Smokers’ Corner: I come in peace

Posted in Sunday, 17 July 2011
by Admin

In the last nine years or so, I am fortunate enough to have been able to travel extensively across much of Europe and Asia. More interesting (nay, alarming), however, is an observation about how rare are non-business or non-pilgrim Pakistani travellers.

For example, in Europe, if you tell someone that you are a vacationing Pakistani, you are bound to get curious looks. They only know about Pakistanis who have settled there or come only for quick business trips. Every year I find less and less Pakistani travellers on the streets of Europe or even in many Asian countries. The only ones you do see are either those travelling to Dubai or now Malaysia. However, I do come across a number of Indian travellers.

So it becomes natural for many across Asia and Europe to believe that I must be from India. This does not bother me. But it does bring to light the political and cultural perils of a nation that has just stopped travelling for leaisure.

Wise men across history have rightly emphasised the need for travel — especially how it enlightens the understanding of a person about the ways of those living outside their social and belief systems; and how this infuses in us an instinctive realisation about the importance of things like plurality and tolerance; and how tiny, rigid and delusional really is the world of an isolationist.

Of course, over the past many years, it hasn’t been easy for a lot of Pakistanis to acquire visas to a number of countries. Also, the economics has made it tough for most Pakistanis to even think about taking a vacation abroad. This is a cause for concern. I say this because the moment you step into another country, you begin to realise that life can be lived without constantly contemplating the fate of a government or the status of one’s religious beliefs. It happens to me every time I travel.

The realisation is always about how small and stressed our world has become. We work and then come back and watch or talk politics or religion, and nothing else besides. This can’t be right. The human mind is far too vast to only be cramped with cyclic political gossip (mistaken as political analysis and news), or with the constant, obsessive lashings of faith.

Raise your head out of your one-dimensionally contemplative navels, and you will notice how fast things like music, literature, sport, theatre, et al, are vanishing from our list of things to do and enjoy in Pakistan. There is no doubt about the gigantic economic and political problems we as a nation face. But think about it. Go through histories of some of the most powerful reform movements and revolutions and it is clear that none of these were complete without hefty cultural contributions made to these movements by poets, playwrights, musicians, painters, even sportsmen/women.

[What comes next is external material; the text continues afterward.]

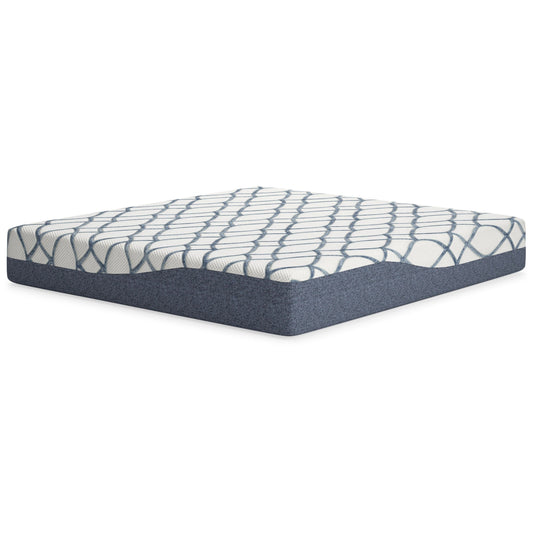 Materasso Himy King, memory foam ad alta densità, 12 pollici Cool Comfort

Our whole perspective on life, or more so, about what needs to be done has unfortunately shrunk to such an extent that all we are left with is a constant need to make lofty moral and faith-based judgments and denunciations, believing that ‘positive’ change can only come through ‘danda’, militaristic politics, or some impalpable form of religious order.

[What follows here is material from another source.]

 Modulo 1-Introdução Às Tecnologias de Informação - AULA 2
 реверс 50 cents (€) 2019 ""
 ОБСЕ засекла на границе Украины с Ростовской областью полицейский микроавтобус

That’s all we talk about now. Faith and what gets passed these days as politics. Everything else has become unessential. It seems all of us have become myopic political animals with a narrow understanding of politics, something which now colours our understanding of the faith as well. We’ve forgotten where politics ends and faith begins.

We crave for reform, change and sometimes even revolution, and yet we have failed to understand that religion and politics alone can’t achieve these. And if and when they do, such a change or revolution will lack sympathy or admiration of what makes a civilisation thrive as an enlightened, cultured people.

Whenever I travel now, I look forward to meeting people who are not always judging me through their religious biases or figuring out where I stand politically. That can be a problem if you are a Pakistani, though. Because then all they want to talk to you about is Islam. But I don’t. I want to talk about music, sports, food, drink and art — subjects one rarely gets to talk about in Pakistan these days.

So what do I do? Let them call me an Indian? Sure, but then all they want to talk about is Bollywood and the IT! Don’t know much about that, I’m afraid. So this time when I went travelling, I decided to introduce myself as a citizen of Surinam!

I got this idea way back in 2003, when, while travelling across Europe I got talking to an Indian taxi driver. From English he swiftly switched to Hindi when I told him that I was from Pakistan. I asked him from where in India he was, and he shocked me by saying that he wasn’t from India at all. ‘I am from Surinam!’ he proudly announced.

As it turns out, Surinam, a small country in the Caribbean, has a huge Indian population. So this time that’s what I told people: I was from Surinam. And lo and behold, I got what I wanted — lots of discussions about fishing, hurricanes, beaches and drinks. Absolutely nothing on religion or politics. A fantastic time I had.